Simulating radio emission of high-energy neutrinos

NAISS 2023/5-346


NAISS Medium Compute

Principal Investigator:

Christian Glaser


Uppsala universitet

Start Date:


End Date:


Primary Classification:

10305: Astronomy, Astrophysics and Cosmology



The detection of ultra-high-energy (UHE) neutrinos is a key to solve the 100-year-old mystery of the origin of cosmic rays and one of the crucial milestones for astroparticle physics. Their detection gives access to the most violent phenomena in the universe, those that happen in the vicinity of super-massive black holes (active galactic nuclei), in neutron star mergers or gamma ray bursts. The only cost-efficient way to measure these UHE neutrinos is via a sparse array of radio antenna stations installed, for instance, in the Antarctic or Arctic ice: A neutrino interaction in the ice generates a few-nanoseconds long radio flash that can be detected from kilometer-long distances. The Radio Neutrino Observatory in Greenland (RNO-G) is currently being constructed. The first 7 (out of 35) stations were installed in summer 2021 and 2022. This detector will yield unprecedented sensitivity to ultra-high-energy neutrinos and might lead to the discovery of a flux of high energy neutrinos which will start a new era in astroparticle physics. A thorough simulation of the event signatures - which is requested in this application - is crucial to interpret the incoming data. At the same time, the international community is already designing an order-of-magnitude larger radio detector that will instrument more than a terra ton of ice below the South Pole.

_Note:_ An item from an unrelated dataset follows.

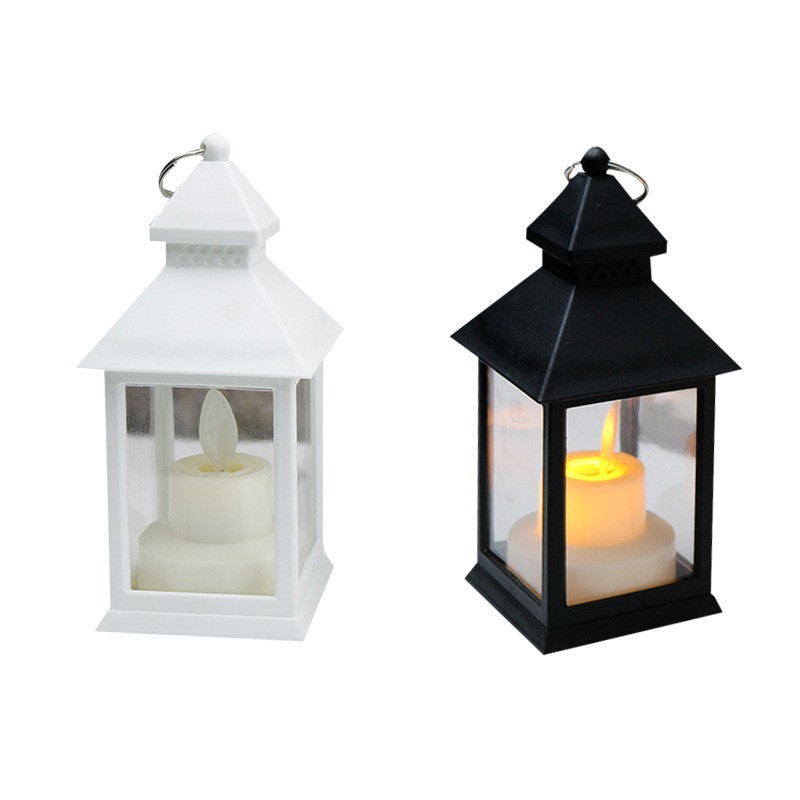 Wholesale of small wind lamps, candlestick lamps, ornaments, decoration props, cross-border wholesale of Nordic Instagram Christmas decorations, glowing Item Picture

The detector will be part of the IceCube-Gen2 project, the successor of the IceCube neutrino observatory at the South Pole. I am the simulation task leader of the IceCube-Gen2 radio detector. This computing project will simulate the detector and will iteratively optimize its design thus providing crucial input to the international project. I will use the state-of-the-art simulation code NuRadioMC [1,2] where I am the lead author of. The computing time will be used for several projects * optimization of the detector layout * optimization of the trigger * development of reconstruction and analysis techniques, in particular by using deep learning techniques * exploration of science cases This is a continuation of a previous computing grant that already allowed my group to make major contributions to the IceCube-Gen2 collaboration and led to several publications (see activity report). [1]: [2]: C. Glaser et al., "NuRadioMC: Simulating the radio emission of neutrinos from interaction to detector," European Physics Journal C 80, 77 (2020).